By Artsvi Bakhchinyan
Special to the Mirror-Spectator
YEREVAN/PARIS — Last October French-Armenian filmmaker and scriptwriter Stéphane Kazandjian visited Armenia for the first time as a jury member of ReAnimania Yerevan International Animation film festival, celebrating its tenth anniversary this year. This interview with Kazandjian discusses his films as well as his Armenian background.
Stéphane, I first learned about you in 2002 due to your first feature film, “Sexy Boys.” Frankly, comedies about youth are not my piece of cake, but the director’s -ian led me to watch it. And if I am not mistaken, the main character’s family name also has an -ian. Is the film somehow autobiographical?
The main character’s name is indeed Sebastien Kibarian — Kibarian being my grandmother’s maiden name. The film was never intended to be about an Armenian family, but as I was looking for my character’s family name, I thought it might be something meaningful to me too.

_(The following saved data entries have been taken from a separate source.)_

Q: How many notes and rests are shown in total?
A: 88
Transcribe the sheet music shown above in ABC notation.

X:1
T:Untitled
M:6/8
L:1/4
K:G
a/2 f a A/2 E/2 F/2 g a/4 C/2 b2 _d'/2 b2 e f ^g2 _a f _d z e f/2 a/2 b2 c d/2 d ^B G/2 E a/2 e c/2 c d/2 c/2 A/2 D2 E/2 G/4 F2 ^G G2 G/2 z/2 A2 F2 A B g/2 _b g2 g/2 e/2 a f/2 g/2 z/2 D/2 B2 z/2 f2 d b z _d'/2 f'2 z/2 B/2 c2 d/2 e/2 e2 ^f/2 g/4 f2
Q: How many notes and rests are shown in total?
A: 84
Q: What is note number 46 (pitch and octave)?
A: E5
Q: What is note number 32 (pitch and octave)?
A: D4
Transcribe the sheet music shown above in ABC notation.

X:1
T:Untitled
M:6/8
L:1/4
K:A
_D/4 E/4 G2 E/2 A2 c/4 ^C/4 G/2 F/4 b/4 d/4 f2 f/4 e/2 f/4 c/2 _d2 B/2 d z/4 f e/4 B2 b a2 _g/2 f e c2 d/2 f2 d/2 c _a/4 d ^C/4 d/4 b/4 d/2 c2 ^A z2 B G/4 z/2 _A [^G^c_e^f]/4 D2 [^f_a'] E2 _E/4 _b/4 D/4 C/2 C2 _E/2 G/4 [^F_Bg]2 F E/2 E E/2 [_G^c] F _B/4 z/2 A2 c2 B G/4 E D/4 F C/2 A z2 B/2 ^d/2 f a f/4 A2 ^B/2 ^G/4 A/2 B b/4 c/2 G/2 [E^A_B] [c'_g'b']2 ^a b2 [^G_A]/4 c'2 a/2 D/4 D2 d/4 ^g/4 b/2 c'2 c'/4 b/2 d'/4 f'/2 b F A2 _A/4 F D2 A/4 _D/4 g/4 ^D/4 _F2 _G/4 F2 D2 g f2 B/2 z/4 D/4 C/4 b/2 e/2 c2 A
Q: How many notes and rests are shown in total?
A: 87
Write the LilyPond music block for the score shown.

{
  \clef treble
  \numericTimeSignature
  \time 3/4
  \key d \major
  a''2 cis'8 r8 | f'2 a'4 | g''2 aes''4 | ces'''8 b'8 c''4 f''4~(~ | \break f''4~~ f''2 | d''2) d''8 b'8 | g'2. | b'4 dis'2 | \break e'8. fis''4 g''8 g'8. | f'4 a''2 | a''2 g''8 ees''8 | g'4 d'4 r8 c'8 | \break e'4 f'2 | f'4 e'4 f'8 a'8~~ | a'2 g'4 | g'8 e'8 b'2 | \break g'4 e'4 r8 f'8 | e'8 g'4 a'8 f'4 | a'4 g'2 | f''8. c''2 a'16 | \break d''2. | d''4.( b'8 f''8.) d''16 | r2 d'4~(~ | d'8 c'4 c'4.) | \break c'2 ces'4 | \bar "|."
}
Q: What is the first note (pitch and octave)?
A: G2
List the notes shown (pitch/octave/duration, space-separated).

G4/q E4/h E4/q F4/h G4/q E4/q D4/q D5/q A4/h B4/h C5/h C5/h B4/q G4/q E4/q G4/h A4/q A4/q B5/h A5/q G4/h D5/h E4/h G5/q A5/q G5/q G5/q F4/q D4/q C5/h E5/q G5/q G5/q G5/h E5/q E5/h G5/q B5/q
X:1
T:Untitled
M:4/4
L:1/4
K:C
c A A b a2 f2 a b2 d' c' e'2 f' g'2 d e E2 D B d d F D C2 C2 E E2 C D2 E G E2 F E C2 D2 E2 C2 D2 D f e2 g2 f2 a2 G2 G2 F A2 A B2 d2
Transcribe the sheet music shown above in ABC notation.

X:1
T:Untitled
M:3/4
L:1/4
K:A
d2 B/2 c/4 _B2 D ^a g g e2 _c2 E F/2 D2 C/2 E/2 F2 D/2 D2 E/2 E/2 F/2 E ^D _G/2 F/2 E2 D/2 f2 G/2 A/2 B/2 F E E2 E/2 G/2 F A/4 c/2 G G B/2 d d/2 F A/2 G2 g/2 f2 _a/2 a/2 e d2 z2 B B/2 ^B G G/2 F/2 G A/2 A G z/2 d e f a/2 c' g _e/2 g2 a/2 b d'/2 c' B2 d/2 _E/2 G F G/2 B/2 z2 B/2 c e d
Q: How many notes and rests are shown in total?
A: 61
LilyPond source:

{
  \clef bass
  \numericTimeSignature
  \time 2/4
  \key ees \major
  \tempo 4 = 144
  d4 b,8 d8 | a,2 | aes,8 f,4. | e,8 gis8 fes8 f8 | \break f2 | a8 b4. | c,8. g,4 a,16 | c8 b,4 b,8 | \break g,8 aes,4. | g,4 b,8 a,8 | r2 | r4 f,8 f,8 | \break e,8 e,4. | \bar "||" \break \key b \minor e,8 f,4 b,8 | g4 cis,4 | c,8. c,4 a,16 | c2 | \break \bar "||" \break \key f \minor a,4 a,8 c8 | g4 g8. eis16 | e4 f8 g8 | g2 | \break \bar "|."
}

Strange as it may seem, “Sexy Boys” is actually quite autobiographical. This is my group of college friends — that I still meet with — and those are the kind of issues we dealt with, as I guess most young adults do. What interested me in this film was to deal with the idea of masculinity. It is a very tricky question when you are in your late teens / early twenties — even later, I am afraid. American teen movies usually deal with the question of “being an outsider/being popular,” but rarely with guys totally lost about the idea “what does it mean to be a man?” Who is the “real” man? The sex god with multiple partners? The quiet family guy? The romantic sensitive friend?